(Beginning of Records supplied)

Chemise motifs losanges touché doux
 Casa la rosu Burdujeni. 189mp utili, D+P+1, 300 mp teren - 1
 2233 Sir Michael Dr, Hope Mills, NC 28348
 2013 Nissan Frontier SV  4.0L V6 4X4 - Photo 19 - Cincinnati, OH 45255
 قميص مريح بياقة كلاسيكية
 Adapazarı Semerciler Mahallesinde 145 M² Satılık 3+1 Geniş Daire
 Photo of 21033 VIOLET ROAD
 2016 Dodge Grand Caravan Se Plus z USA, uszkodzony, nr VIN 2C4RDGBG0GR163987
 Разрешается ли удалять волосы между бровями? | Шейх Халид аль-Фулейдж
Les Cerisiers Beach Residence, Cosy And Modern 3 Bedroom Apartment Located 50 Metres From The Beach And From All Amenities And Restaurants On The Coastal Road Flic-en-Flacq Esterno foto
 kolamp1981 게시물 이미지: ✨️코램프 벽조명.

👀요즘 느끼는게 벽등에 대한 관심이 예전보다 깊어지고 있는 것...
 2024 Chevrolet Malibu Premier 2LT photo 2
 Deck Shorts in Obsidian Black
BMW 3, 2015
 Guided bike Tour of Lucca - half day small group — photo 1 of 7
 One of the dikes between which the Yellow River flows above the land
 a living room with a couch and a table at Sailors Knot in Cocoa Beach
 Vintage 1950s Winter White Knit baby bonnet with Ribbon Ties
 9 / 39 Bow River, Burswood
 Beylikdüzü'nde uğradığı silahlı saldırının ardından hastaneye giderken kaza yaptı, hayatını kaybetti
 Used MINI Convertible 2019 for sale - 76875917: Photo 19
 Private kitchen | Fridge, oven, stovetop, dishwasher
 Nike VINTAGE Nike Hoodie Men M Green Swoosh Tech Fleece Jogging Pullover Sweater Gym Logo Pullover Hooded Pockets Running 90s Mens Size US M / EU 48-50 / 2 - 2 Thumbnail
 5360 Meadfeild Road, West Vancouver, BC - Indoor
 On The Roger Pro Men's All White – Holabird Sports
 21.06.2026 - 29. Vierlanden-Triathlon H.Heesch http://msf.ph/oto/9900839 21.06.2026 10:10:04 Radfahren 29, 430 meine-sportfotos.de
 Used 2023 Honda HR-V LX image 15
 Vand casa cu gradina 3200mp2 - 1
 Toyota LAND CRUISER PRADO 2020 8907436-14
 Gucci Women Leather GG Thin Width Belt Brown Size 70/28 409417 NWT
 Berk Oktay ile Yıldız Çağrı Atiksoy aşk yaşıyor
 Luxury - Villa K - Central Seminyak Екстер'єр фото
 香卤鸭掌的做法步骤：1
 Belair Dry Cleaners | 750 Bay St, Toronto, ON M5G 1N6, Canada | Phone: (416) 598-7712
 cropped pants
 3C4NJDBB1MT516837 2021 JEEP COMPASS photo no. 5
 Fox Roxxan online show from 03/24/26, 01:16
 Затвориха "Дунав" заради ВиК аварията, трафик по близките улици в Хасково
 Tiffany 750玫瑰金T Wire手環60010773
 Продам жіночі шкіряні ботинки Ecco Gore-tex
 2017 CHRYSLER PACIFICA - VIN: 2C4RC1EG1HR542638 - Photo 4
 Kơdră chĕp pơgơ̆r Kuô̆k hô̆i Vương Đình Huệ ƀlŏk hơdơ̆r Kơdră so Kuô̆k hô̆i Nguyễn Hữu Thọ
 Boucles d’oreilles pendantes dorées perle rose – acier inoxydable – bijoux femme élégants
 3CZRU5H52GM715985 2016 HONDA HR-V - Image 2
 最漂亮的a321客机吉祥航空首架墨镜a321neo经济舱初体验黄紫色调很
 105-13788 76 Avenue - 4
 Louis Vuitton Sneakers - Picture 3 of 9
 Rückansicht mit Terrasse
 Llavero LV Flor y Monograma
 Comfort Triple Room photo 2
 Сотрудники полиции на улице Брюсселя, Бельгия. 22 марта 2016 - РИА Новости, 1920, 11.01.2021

(End of Records supplied)

About this task:
Copy every line of the listing, exact to the last character.

Expected answer:
Chemise motifs losanges touché doux
 Casa la rosu Burdujeni. 189mp utili, D+P+1, 300 mp teren - 1
 2233 Sir Michael Dr, Hope Mills, NC 28348
 2013 Nissan Frontier SV  4.0L V6 4X4 - Photo 19 - Cincinnati, OH 45255
 قميص مريح بياقة كلاسيكية
 Adapazarı Semerciler Mahallesinde 145 M² Satılık 3+1 Geniş Daire
 Photo of 21033 VIOLET ROAD
 2016 Dodge Grand Caravan Se Plus z USA, uszkodzony, nr VIN 2C4RDGBG0GR163987
 Разрешается ли удалять волосы между бровями? | Шейх Халид аль-Фулейдж
Les Cerisiers Beach Residence, Cosy And Modern 3 Bedroom Apartment Located 50 Metres From The Beach And From All Amenities And Restaurants On The Coastal Road Flic-en-Flacq Esterno foto
 kolamp1981 게시물 이미지: ✨️코램프 벽조명.

👀요즘 느끼는게 벽등에 대한 관심이 예전보다 깊어지고 있는 것...
 2024 Chevrolet Malibu Premier 2LT photo 2
 Deck Shorts in Obsidian Black
BMW 3, 2015
 Guided bike Tour of Lucca - half day small group — photo 1 of 7
 One of the dikes between which the Yellow River flows above the land
 a living room with a couch and a table at Sailors Knot in Cocoa Beach
 Vintage 1950s Winter White Knit baby bonnet with Ribbon Ties
 9 / 39 Bow River, Burswood
 Beylikdüzü'nde uğradığı silahlı saldırının ardından hastaneye giderken kaza yaptı, hayatını kaybetti
 Used MINI Convertible 2019 for sale - 76875917: Photo 19
 Private kitchen | Fridge, oven, stovetop, dishwasher
 Nike VINTAGE Nike Hoodie Men M Green Swoosh Tech Fleece Jogging Pullover Sweater Gym Logo Pullover Hooded Pockets Running 90s Mens Size US M / EU 48-50 / 2 - 2 Thumbnail
 5360 Meadfeild Road, West Vancouver, BC - Indoor
 On The Roger Pro Men's All White – Holabird Sports
 21.06.2026 - 29. Vierlanden-Triathlon H.Heesch http://msf.ph/oto/9900839 21.06.2026 10:10:04 Radfahren 29, 430 meine-sportfotos.de
 Used 2023 Honda HR-V LX image 15
 Vand casa cu gradina 3200mp2 - 1
 Toyota LAND CRUISER PRADO 2020 8907436-14
 Gucci Women Leather GG Thin Width Belt Brown Size 70/28 409417 NWT
 Berk Oktay ile Yıldız Çağrı Atiksoy aşk yaşıyor
 Luxury - Villa K - Central Seminyak Екстер'єр фото
 香卤鸭掌的做法步骤：1
 Belair Dry Cleaners | 750 Bay St, Toronto, ON M5G 1N6, Canada | Phone: (416) 598-7712
 cropped pants
 3C4NJDBB1MT516837 2021 JEEP COMPASS photo no. 5
 Fox Roxxan online show from 03/24/26, 01:16
 Затвориха "Дунав" заради ВиК аварията, трафик по близките улици в Хасково
 Tiffany 750玫瑰金T Wire手環60010773
 Продам жіночі шкіряні ботинки Ecco Gore-tex
 2017 CHRYSLER PACIFICA - VIN: 2C4RC1EG1HR542638 - Photo 4
 Kơdră chĕp pơgơ̆r Kuô̆k hô̆i Vương Đình Huệ ƀlŏk hơdơ̆r Kơdră so Kuô̆k hô̆i Nguyễn Hữu Thọ
 Boucles d’oreilles pendantes dorées perle rose – acier inoxydable – bijoux femme élégants
 3CZRU5H52GM715985 2016 HONDA HR-V - Image 2
 最漂亮的a321客机吉祥航空首架墨镜a321neo经济舱初体验黄紫色调很
 105-13788 76 Avenue - 4
 Louis Vuitton Sneakers - Picture 3 of 9
 Rückansicht mit Terrasse
 Llavero LV Flor y Monograma
 Comfort Triple Room photo 2
 Сотрудники полиции на улице Брюсселя, Бельгия. 22 марта 2016 - РИА Новости, 1920, 11.01.2021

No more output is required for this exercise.